Lothar Matthaus and Diego Maradona before the 1990 World Cup Final in Rome
Captains Lothar Matthäus and Diego Maradona line up before kickoff at the Stadio Olimpico.

What happened in the 1990 World Cup Final?

West Germany won 1–0. That scoreline is the whole story and almost none of it. The goal arrived in the 85th minute when Argentine defender Roberto Sensini caught Rudi Völler inside the box, and referee Edgardo Codesal pointed to the spot. Argentina were still howling about the decision when Brehme placed the ball down, took a short run-up, and stroked it low into the corner past goalkeeper Sergio Goycochea. Goycochea guessed the right way. It didn’t matter.

The match drew 73,603 spectators to the Stadio Olimpico, with Italian president Francesco Cossiga in the stands to hand over the trophy. What they saw was not a classic. Argentina managed a single shot on goal across the entire ninety minutes and became the first team in history to lose a World Cup final without scoring. West Germany, by contrast, piled up chances and spent the night camped in the Argentine half.

Why was this the ugliest World Cup final ever played?
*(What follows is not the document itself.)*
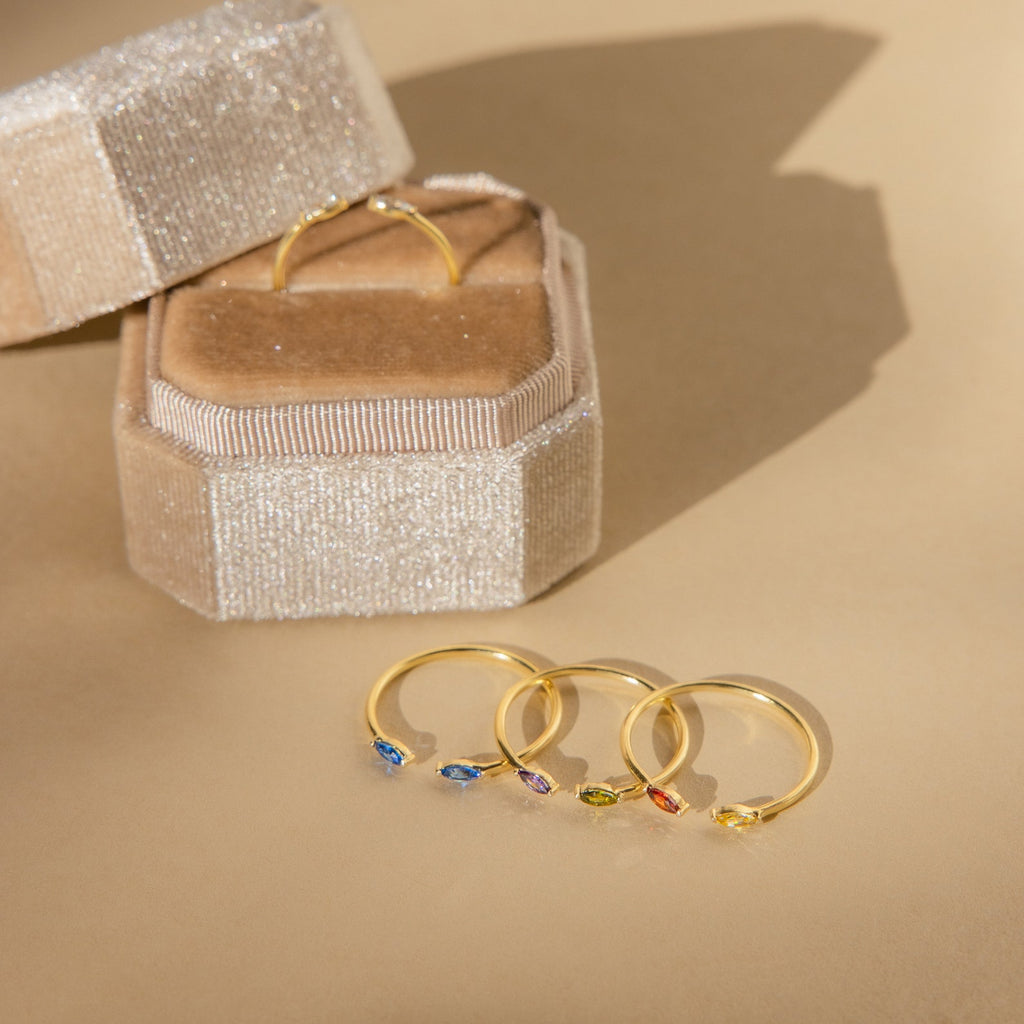 Four gold rings, one being the Duo Marquise Birthstone Ring with colorful gemstones, are arranged next to a beige sparkly ring box on a light tan surface.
Because it produced the first red cards in the history of the fixture — and then a second one for good measure. Argentina came to Rome with a plan built on destruction rather than football. Manager Carlos Bilardo had already dragged his side through two penalty shootouts to reach the final, and his tactic against the Germans was simple: foul, frustrate, survive, and hope to steal it late. It nearly worked. It also made for a miserable spectacle.

Argentina and West Germany battle in the 1990 World Cup Final at Italia 90
The final was a grind — heavy tackles, broken rhythm, and precious little flowing football.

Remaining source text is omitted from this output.